EU Grains Turnaround Following USDA Data

28/09/12 -- EU grains closed sharply higher with Nov 12 London wheat up GBP4.80/tonne at GBP202.75/tonne and Nov 12 Paris wheat up EUR7.75/tonne to EUR265.75/tonne.

For the week that still means that Nov 12 London wheat lost GBP3.65/tonne whilst Nov 12 Paris wheat gained EUR2.00/tonne.

Wheat was lower in early trade, but did a sharp about turn after the USDA's Sept 1st stocks report placed US corn inventories below one billion bushels at 988 million, the lowest end of marketing year stocks in eight years.

US wheat stocks were also estimated lower than anticipated at 2.1 billion bushels versus the expected 2.28 billion.

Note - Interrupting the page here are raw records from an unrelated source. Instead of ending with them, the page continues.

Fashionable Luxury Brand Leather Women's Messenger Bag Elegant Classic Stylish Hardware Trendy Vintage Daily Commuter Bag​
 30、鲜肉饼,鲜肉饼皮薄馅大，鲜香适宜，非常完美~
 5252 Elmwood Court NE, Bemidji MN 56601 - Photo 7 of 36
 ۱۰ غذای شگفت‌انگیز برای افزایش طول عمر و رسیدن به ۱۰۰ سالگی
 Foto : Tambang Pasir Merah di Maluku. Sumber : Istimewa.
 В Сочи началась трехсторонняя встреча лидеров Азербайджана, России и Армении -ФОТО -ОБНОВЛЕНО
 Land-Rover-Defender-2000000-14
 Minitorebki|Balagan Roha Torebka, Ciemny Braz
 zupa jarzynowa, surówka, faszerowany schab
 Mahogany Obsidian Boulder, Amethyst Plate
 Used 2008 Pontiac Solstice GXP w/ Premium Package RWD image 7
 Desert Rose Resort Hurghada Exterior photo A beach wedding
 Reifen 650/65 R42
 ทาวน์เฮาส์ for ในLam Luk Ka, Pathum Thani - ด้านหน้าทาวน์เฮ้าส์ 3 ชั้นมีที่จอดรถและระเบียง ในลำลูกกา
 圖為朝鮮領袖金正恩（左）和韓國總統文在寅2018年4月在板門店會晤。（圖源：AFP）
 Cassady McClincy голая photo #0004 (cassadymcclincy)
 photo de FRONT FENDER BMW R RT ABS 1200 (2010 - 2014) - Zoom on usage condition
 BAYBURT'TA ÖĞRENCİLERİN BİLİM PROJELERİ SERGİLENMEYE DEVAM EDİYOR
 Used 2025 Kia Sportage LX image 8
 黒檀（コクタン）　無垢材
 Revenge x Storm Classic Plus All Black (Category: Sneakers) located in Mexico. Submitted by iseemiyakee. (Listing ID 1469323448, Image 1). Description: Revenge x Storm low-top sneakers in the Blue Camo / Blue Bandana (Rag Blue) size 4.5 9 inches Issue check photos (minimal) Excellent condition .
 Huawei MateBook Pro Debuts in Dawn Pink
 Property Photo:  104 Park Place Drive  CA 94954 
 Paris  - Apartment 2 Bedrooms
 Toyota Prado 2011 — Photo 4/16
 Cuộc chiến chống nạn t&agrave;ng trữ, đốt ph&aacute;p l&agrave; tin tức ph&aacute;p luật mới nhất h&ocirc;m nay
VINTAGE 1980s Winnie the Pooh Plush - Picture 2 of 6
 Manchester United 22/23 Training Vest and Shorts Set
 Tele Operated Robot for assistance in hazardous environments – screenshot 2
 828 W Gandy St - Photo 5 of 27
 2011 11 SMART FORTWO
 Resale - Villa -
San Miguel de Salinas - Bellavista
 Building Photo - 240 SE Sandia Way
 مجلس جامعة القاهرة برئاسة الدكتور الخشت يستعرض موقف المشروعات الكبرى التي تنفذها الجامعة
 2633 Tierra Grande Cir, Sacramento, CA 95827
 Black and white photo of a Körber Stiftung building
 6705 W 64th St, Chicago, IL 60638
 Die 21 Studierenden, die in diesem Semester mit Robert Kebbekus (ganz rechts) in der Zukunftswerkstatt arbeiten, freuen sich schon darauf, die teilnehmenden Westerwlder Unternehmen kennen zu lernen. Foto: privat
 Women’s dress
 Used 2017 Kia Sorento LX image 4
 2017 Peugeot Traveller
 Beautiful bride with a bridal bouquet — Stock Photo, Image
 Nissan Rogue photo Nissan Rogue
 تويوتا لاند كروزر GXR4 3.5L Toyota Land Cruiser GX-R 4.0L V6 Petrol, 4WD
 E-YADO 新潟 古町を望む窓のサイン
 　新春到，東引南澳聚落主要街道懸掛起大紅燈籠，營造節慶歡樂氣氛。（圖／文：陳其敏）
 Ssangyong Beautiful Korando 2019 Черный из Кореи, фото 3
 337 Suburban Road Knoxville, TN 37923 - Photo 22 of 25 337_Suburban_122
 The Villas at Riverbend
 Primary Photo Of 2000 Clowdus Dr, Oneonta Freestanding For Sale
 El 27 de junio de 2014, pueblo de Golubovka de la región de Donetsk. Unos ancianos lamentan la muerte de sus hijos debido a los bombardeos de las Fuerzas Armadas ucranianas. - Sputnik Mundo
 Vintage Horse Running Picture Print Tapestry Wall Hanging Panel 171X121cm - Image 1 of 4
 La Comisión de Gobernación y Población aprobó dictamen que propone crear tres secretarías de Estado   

Paris wheat was also supported on the week, relative to London wheat, by a weak euro and a strong showing in this week's Egyptian tender.

The UK market is developing not just a two tier look, but a multi-tier look, with all sorts of low grade grain being offered around. Growers are frequently less than impressed with the kind of allowances that merchants and end-users have in mind for what would be considered "screenings" in any other year. "Do you know anyone who'd take 54kg bushel weight wheat?" I was asked today. My suggestion that he tried leaving it out for the binmen on Monday met with the response that he'd already tried that and they wouldn't take it.

Coceral revised their ideas on the UK wheat crop down to 13.6 MMT from 15.25 MMT previously, although it was all the way back in June that they came out with that estimate. Yields were pegged at 6.81 MT/ha, which ties in with the HGCA's 6.8-7.2 MT/ha, with the "expectation that the final value is towards the lower end of this range."

Coceral's number falls below recent estimates from Strategie Grains (14.0 MMT) and Toepfer (13.8 MMT), which on the face of it would seem bullish. It probably is, if you're one of the lucky few with 72kg/hl bushel weight wheat in the barn.

Exports are clearly going to take a very serious knock this season, and what sales are already on the books I imagine will have the sellers actively looking to wash them out, or switch to other countries of origin. Imports are also evidently going to be much higher than in a normal year too.

Separately the IGC cut 5 MMT off it's world wheat production and 2012/13 ending stocks estimates. They also trimmed global corn output by a similar amount, and too 2 MMT off this season's carryout total. Downward revisions for Russian and Australian wheat, together with EU wheat and corn were behind the revisions, they said.